== PROBLEM REQUIREMENTS ==
From the line containing "Mulher de retrato" to the final line of the material below, return every line exactly. Do not include pictures.

== MATERIAL PROVIDED ==
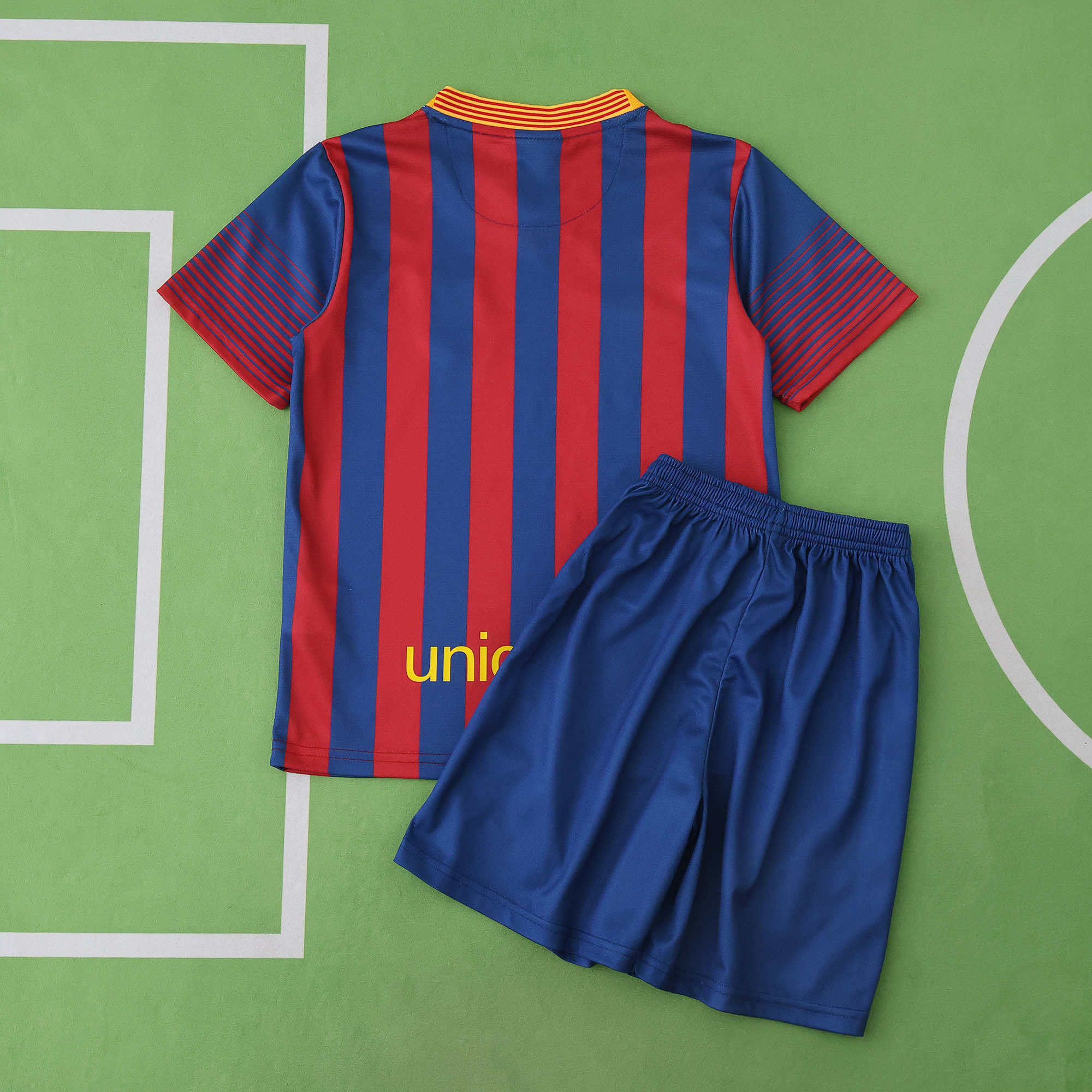1314 season FC Barcelona / Barça home Kids kit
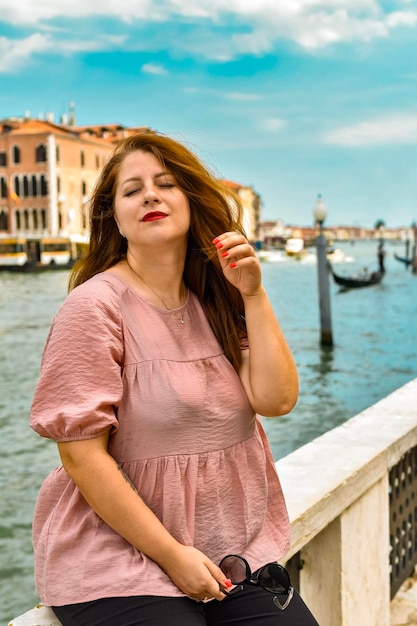 Mulher de retrato andando na cidade de veneza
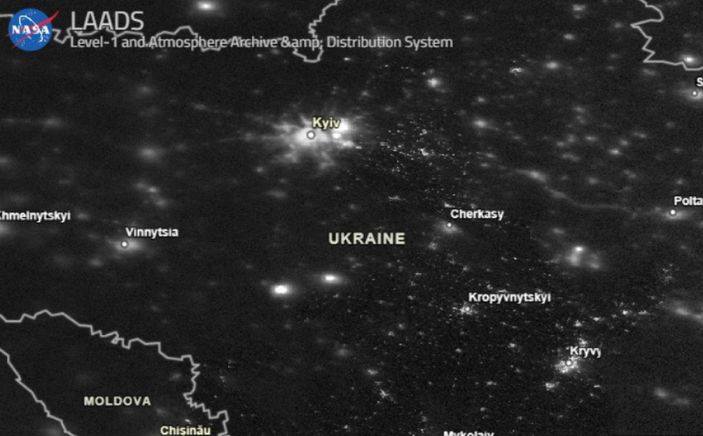 NASA, Ukrayna'nın karanlığa gömüldüğü anları fotoğrafladı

== WRITTEN ANSWER ==
 Mulher de retrato andando na cidade de veneza
 NASA, Ukrayna'nın karanlığa gömüldüğü anları fotoğrafladı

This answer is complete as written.